Ellos también traían una nota que decía que no estaban dispuestos a formar parte de la normalidad y desde el día uno dieron señales de salirse del patrón. Hoy el mayor tiene diagnóstico del sobredotación intelectual, así que no va a poder conectarse con la media mediocre y normal, por más que yo me empeñe, que ya no lo hago.No les llevé a ninguna institución de aires colegiales y tampoco al colegio hasta que ellos lo pidieron, viajaron a lugares remotos antes de que les salieran los dientes ante las caras de desaprobación del mundo. Cocinan conmigo, vemos documentales de viajes en la cama, leemos cuentos para sentir y nos reímos de que las princesas también se tiran pedos.

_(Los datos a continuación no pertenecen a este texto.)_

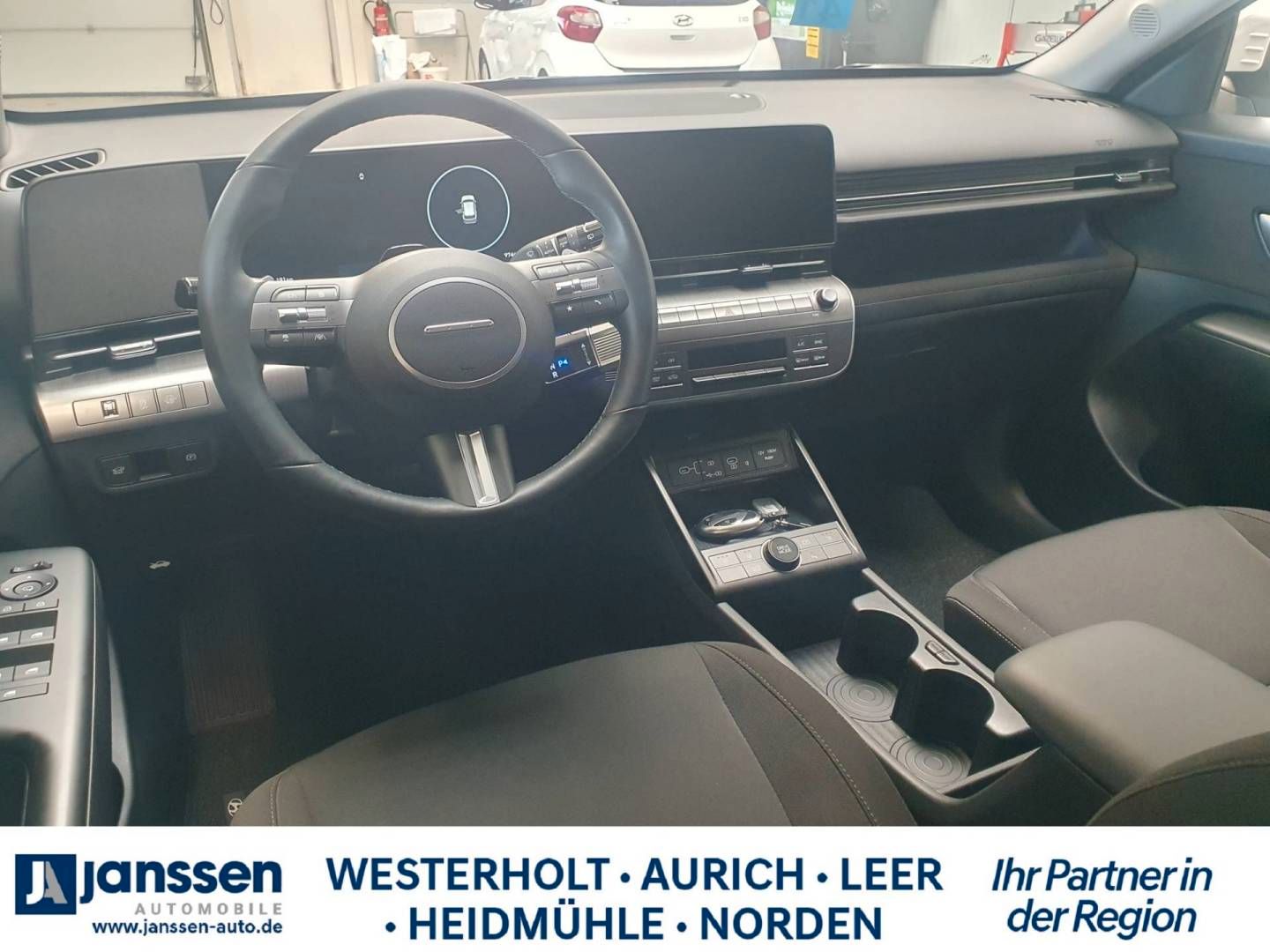Fahrzeugabbildung Hyundai KONA SX2 HEV TREND Assistenz-Paket, Licht-Paket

No deseo que empiece el cole y me dejen en paz, ni que crezcan pronto y yo pueda “descansar”. Me importa un pepino que anden desnudos, que no se laven el pelo siempre que yo se lo diga, que se pinten el cuerpo con un rotulador o que coman entre horas. No les llevo al zoo a ver presos deprimidos ni al circo a ver la violación brutal que me sugiere un león pasando por un aro de fuego. Odio ver la infinita y perfecta belleza de un animal, sometida al estúpido ego de un bicho humano con problemas de autoestima o de inteligencia. Les llevo a los parques naturales y ven cómo se me hincha el pecho cuando veo pasar las cigüeñas.
Ya empiezo a darme cuenta de que somos marcianos en este pequeño y elitista gueto de clase media guapa en el que viven, lleno de niños rubios bilingües que crían las filipinas y las peruanas (menos mal) porque sus madres están ausentes, cuando trabajan y cuando no.
Mis hijos juegan a viajar en una caja mágica que les transporta al Taj Mahal y los otros niños se ríen de ellos y les dicen que eso es mentira y que sólo es una caja de cartón. Lástima de infancia, pero no se lo compro. Por supuesto que una caja de cartón nos transporta en el tiempo y en el espacio y si no lo ves es porque eres tonto o estás castrado.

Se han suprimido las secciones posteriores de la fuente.